In the illustration here above, we have a lead time equal to 4 days, which is used as the horizon for the forecast. It means that if we compute a reorder point with this lead time, and say, a service level of 95%, the reorder point will be the minimal inventory value - as forecasted by Lokad - that is sufficient to cover the fluctuation of the future demand, so that 95% of the time the reorder point is higher than the demand - hence avoiding the stock-out.

In the following, we will see that probabilistic forecasts offer a superior alternative to the reorder points. In the meantime, for the sake of simplicity, we adopt the simpler viewpoint associated to reorder points.

## Reordering delays

The horizon, as presented above, must embed all factors that delay the actual replenishment. In particular, there is almost always a reordering delay. Reorders - orders passed to suppliers - are typically not made in real-time as SKU units get sold or consumed. For example, some SKU may only be reordered once a week.

In the illustration here above, we assume that reorders are made every 3 days, with a supplier lead time of 4 days. In this situation, it is tempting, but incorrect, to use a horizon of 4 days. This delay does not take into account the 3 days of delay until the next reorder. If a horizon of 4 days is used, the reorder point won’t properly cover the Days Five, Six and Seven.

Here, the proper horizon of demand to be considered is 4+3 = 7 days. Hence, starting from Day Zero, inventory should last, not until the end of Day Four when the first delivery arrives, but until end of Day Seven when the second delivery arrives. The reorder B has no impact until the end of Day Seven, so whatever quantity gets reordered on Day Zero, it should cover all demand fluctuations until the end of Day Seven. From Day Seven and beyond, it’s the reorder B that is to be in effect.

## Forecasting the same day twice

Looking at the illustration below, it might seem surprising that the same day gets forecasted twice. The Days Four to Seven are part of the first demand forecast starting at the end of Day Zero, but those days are also part of the second demand forecasts starting at the end of Day Three.

However, this is the intended behavior. The demand forecast is turned into the reorder point. Yet, the **reorder quantity** itself comes as the reorder point, minus the stock on hand and minus the stock on order. Thus, a single day might be forecasted twice as part of the reorder point calculation, yet the same day is not going to be counted twice as far as reorder quantities are concerned.

## Sample scenarios

In this section, we review a couple of typical scenarios to further shed light on calculating the relevant horizons when more complex lead times are considered.

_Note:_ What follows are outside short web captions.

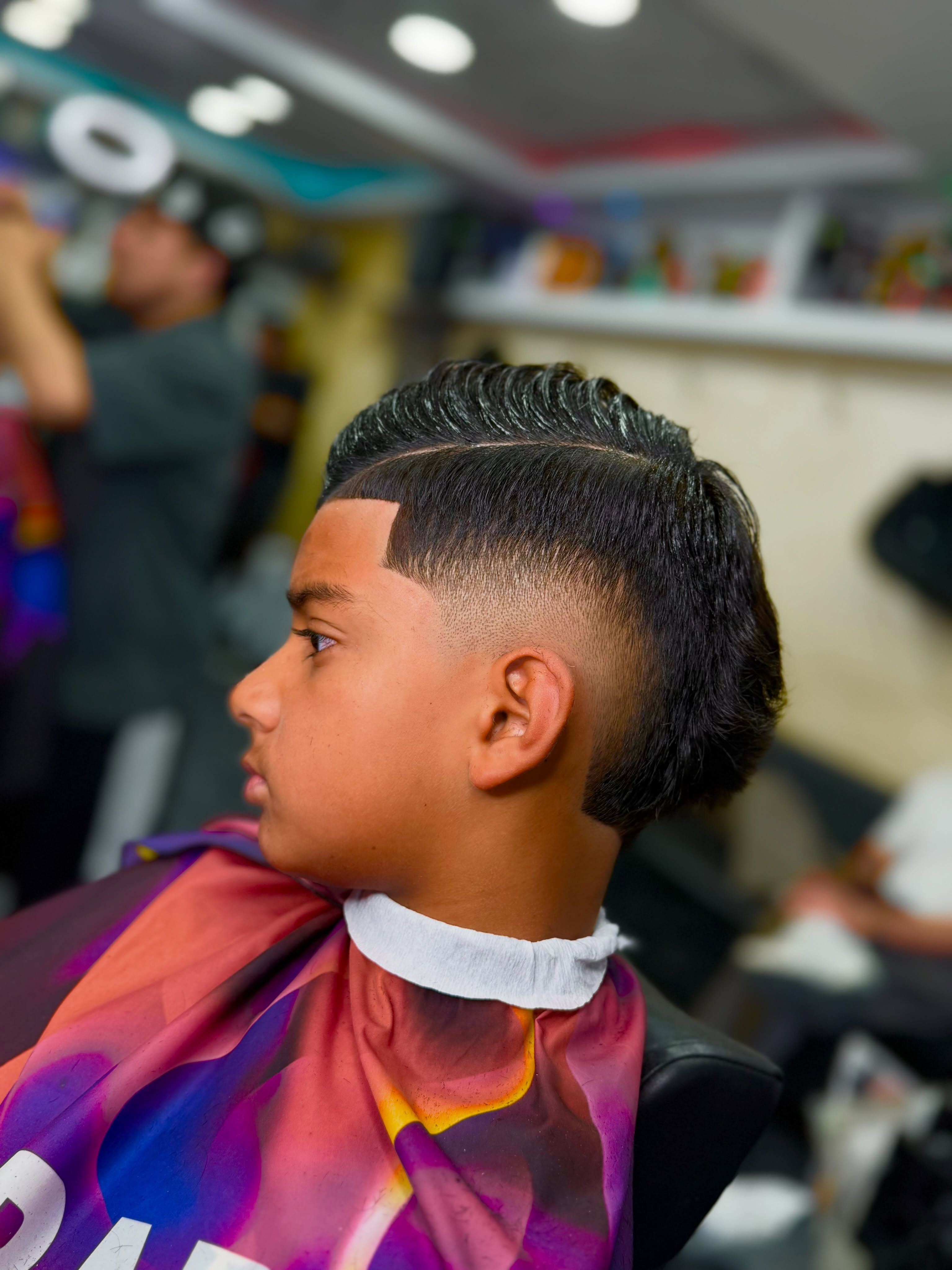 Coupe de cheveux chez Barber Tsitsi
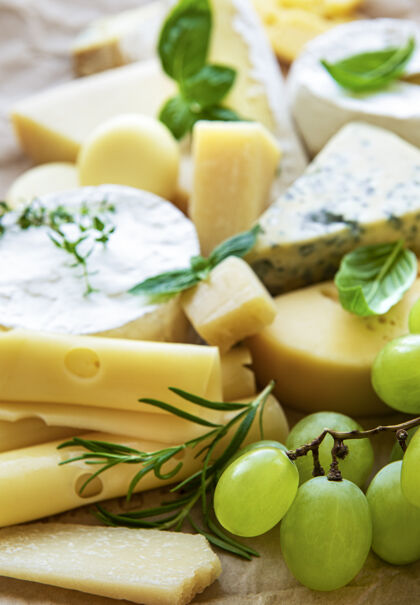 美食桌上摆着各种奶酪 罗勒和葡萄乳制品蓝奶酪不同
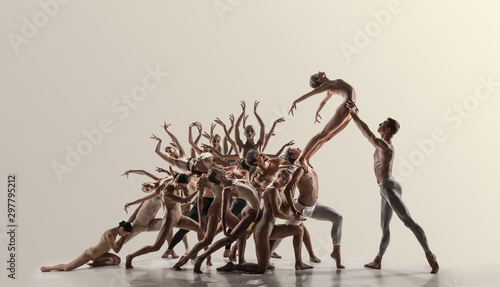 Support. Group of modern ballet dancers. Contemporary art. Young flexible athletic men and women in tights. Negative space. Concept of dance grace, inspiration, creativity. Made of shots of 11 models.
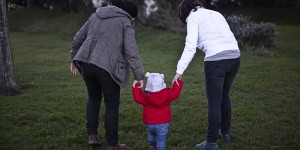 Same sex couple Olga Miranda (R) and Matilde Custodio (L) hold their daughter Carolina during a walk in the park in Lisbon on February 23, 2014. Matilde Custodio, 35 years old, call center operator and her girlfriend Olga Miranda, 31 years old, manager of a gourmet company have lived together for 10 years before deciding to have a child by artificial insemination. In Portugal the law allowing gay marriage, passed in January 2010, specifically excludes the right to adopt for homosexual couples making Olga's adoption of Carolina (14 months) impossible. AFP PHOTO/ PATRICIA DE MELO MOREIRA (Photo credit should read PATRICIA DE MELO MOREIRA/AFP/Getty Images)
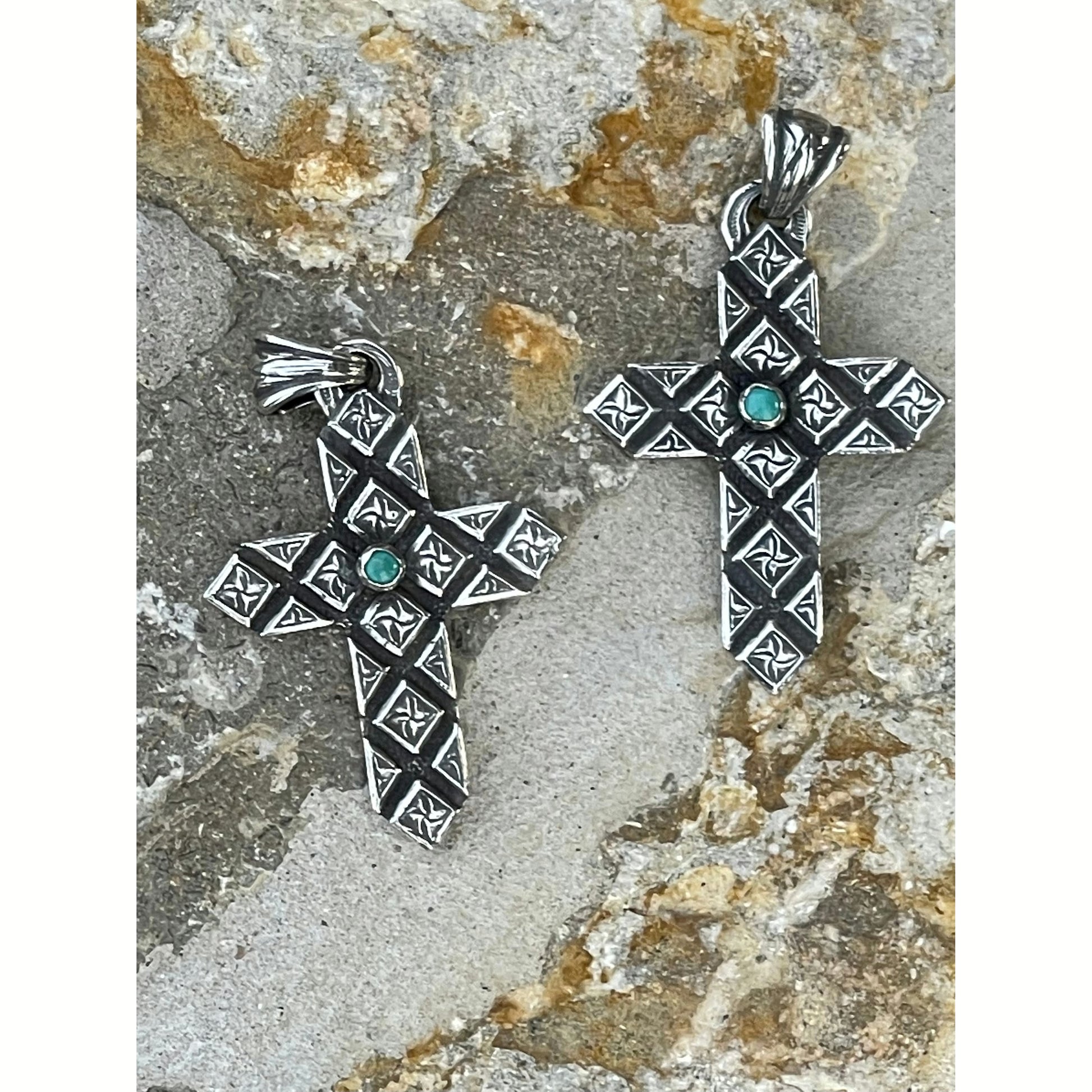 2”x1.5” Sterling Silver handmade diamond cross pendant with small round Kingman turquoise stone set in the middle of the cross finished with a beautiful antiquing. Pendant comes on a 24” wheat chain.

### Next day delivery with closed days

Let’s assume that a retail store is as follows:

- The store is open every day of the week except Sunday.
- The store gets deliveries every day, except Sunday.
- The store reorders are made every day before 10am, and delivery happens the next day. The Saturday reorder is delivered on Monday.
- Data is pushed to Lokad every day at 5am. Sales data stops at midnight the previous day.

In this case, the horizon equals 2 days for all days, except Saturday where the lead time equals 3 days.

### After next day delivery with semi-closed days

Let’s assume that a retail store is as follows:

- Store is open every day of the week.
- Store is delivered every day, except Sunday.
- Store reorders are made every day before 10am, and delivery happens the day after the next day. Friday’s reorder is delivered on Monday. Saturday’s reorder is delivered on Tuesday.
- Data is pushed to Lokad every day at 5am. Sales data stops at midnight the previous day.

In this case, from Monday to Thursday, the horizon equals 3 days, one day of reordering delay, plus two days of supplier lead time. Then, on Friday and Saturday, the horizon equals 4 days. Those two days and the closed Sunday need to be taken in to account supply-wise. In particular, the decision made Friday morning needs to last until Tuesday end of day, because the Saturday reorder has no impact on Tuesday.